Yo no veía a Adela y lo peor era que sobre la palmera donde tenía su nido flotaban casi constantemente los halcones. Supongo que Adela podría defenderse con uñas y dientes de un halcón pero estos tienen sus trucos traicioneros y podían sorprenderla durmiendo una de sus siestecitas.

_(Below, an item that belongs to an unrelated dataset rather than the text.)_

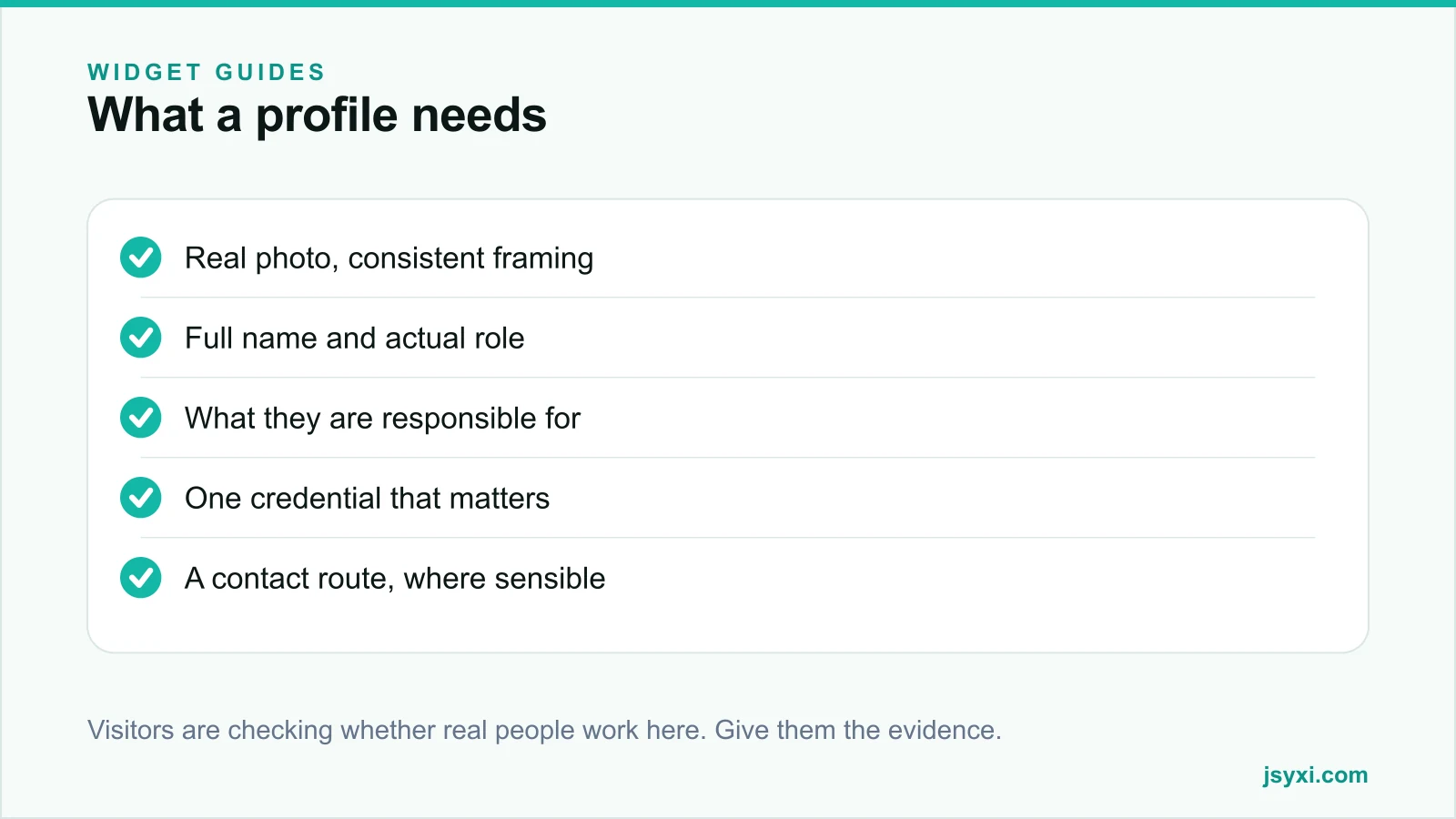 Checklist panel listing what a team profile needs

Los halcones me tenían un poco inquieto algunas noches y como desde la terrazuela de mi casa se ve la palmera muy bien, a veces me levantaba y me estaba mirando. Cierto es que los halcones no cazan de noche, pero sí los búhos, que son también aves de presa. Afortunadamente los búhos de California son pequeños y parecen más bien pisapapeles de adorno, sólidamente barrigudos. O más bien, como dice mi amante, «piponchos». Mi amante se llama Pat, tiene veinte años y es rubia.

Por cierto que tiene celos de Adela. No celos sexuales, sino sociales y afectivos, claro. Cuando ve que a medianoche me asomo a la ventana y hay una luna grande y roja en el horizonte y que me quedo un rato contemplando la palmera y la luna, mi amante cree que estoy soñando con otra mujer y me pone cara agria por algún rato.

Nunca Adela me ha puesto cara de enemistad y ni siquiera de impaciencia nerviosa. Cuando está conmigo es del todo feliz. Si miro a la gran luna en éxtasis ella mira también y quizá se abandona al mismo éxtasis.

Pero suceden cosas nuevas en el parque.